Откуда взял Лавров, что Молчалин думал когда-то, как Чацкий? Казалось бы, текст Грибоедова не дает оснований для подобного вывода, но артисту было интересно углубить образ, показать Алексея Степановича, некогда слушавшего Чацкого, может быть, столь же восторженно и взволнованно, как слушала его Софья. Тогда он, действительно, может испытывать чувство превосходства — он-то прошел эту ступень, поняв, что она бесперспективна, и отрекся от прежних восторгов и волнений, а Чацкий так и остался при прежних убеждениях — какой мальчишка! Такого только пожалеть да постараться научить чему-то толковому…
Замечательный критик и театровед, мой учитель, к памяти которого я отношусь с любовью и трепетом, Юрий Сергеевич Рыбаков, близко друживший с Георгием Александровичем Товстоноговым и с Кириллом Юрьевичем Лавровым, назвал спектакль «Горе от ума» великим. И ничуть не преувеличил. Помню, у нас с Юрием Сергеевичем была такая игра — назвать десять великих спектаклей, которые мы видели за свою жизнь. Десятку мы так и не смогли набрать за долгие годы, пока продолжали эту игру, но каждый раз упорно начинали с «Горя от ума» да и следующие четыре позиции неизменно были заняты спектаклями Георгия Александровича Товстоногова.
Подлинной вершиной спектакля была «дуэль» Чацкого и Молчалина — их диалог происходил на авансцене и был направлен непосредственно в зрительный зал. Сотни раз эта сцена была описана в театроведческой литературе, любой из видевших спектакль не мог обойти вниманием и эмоциями этот диалог, потому что он был поистине опрокинут в зал и каждый, буквально каждый зритель оказывался под электрическим зарядом мысли.
И финал отнюдь не вызывал ощущения краха Молчалина. Это была всего лишь маленькая, вполне поправимая ошибка, после исправления которой его путь наверх продолжится вполне успешно, и те, перед кем он вынужден сегодня натягивать маски, превратятся из благодетелей в его верных слуг, потому что он непременно прорвется на самый верх и уже перед ним будет угодливо склоняться московское общество…

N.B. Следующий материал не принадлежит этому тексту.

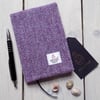A6 Harris Tweed covered 2020 diary in purple and grey herringbone. Week to view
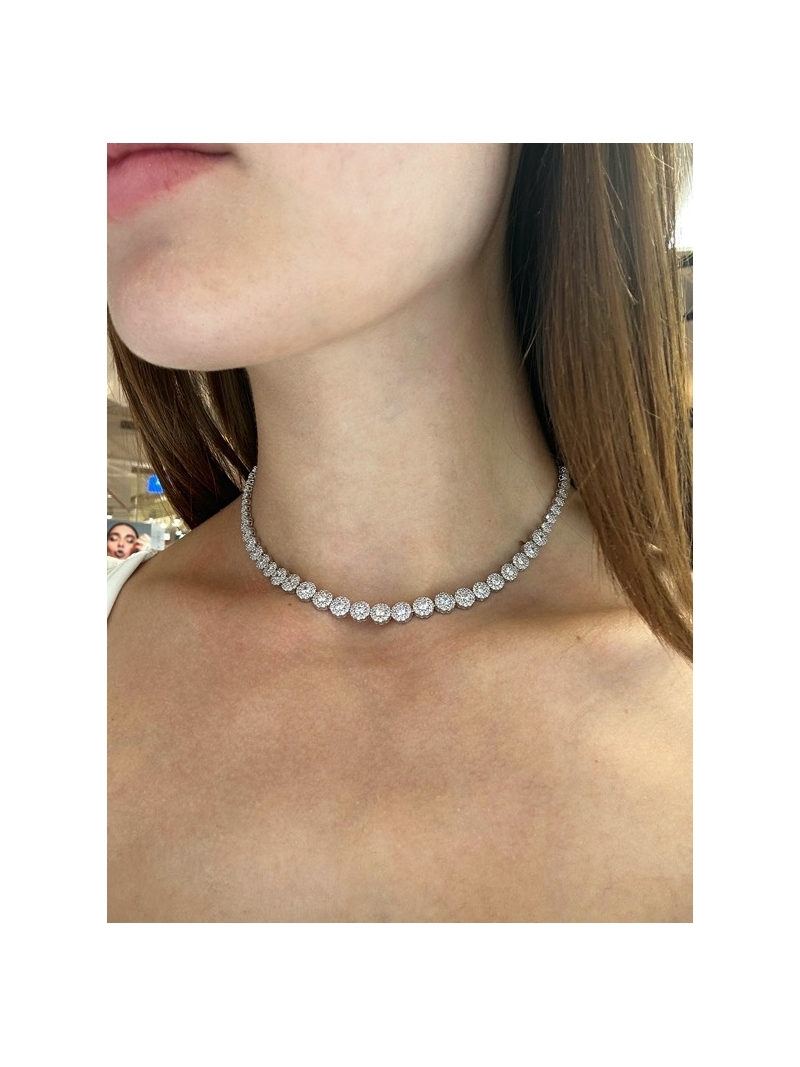 Acquista ora collana punto luce tondo zirconato su elefantebianco.jewelry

Впервые Кирилл Лавров играл не только непривычного для него персонажа, но и отношение к нему артиста и таким образом впервые проявилась, очень ярко и выпукло обозначилась тема Кирилла Лаврова,которая не раз еще покорит зрителя не только на сцене Большого драматического театра, но и в кинематографе. Образ Молчалина, по верному наблюдению Э. Яснеца, «принадлежит к вершинным созданиям искусства Лаврова, искусства БДТ. Фантазию актера, казалось, возбуждала и дразнила мысль о явлении программного карьеризма в его реальном бытовании. Он уже знал перспективу вытравленной человечности. Он уже видел, к чему это приводит».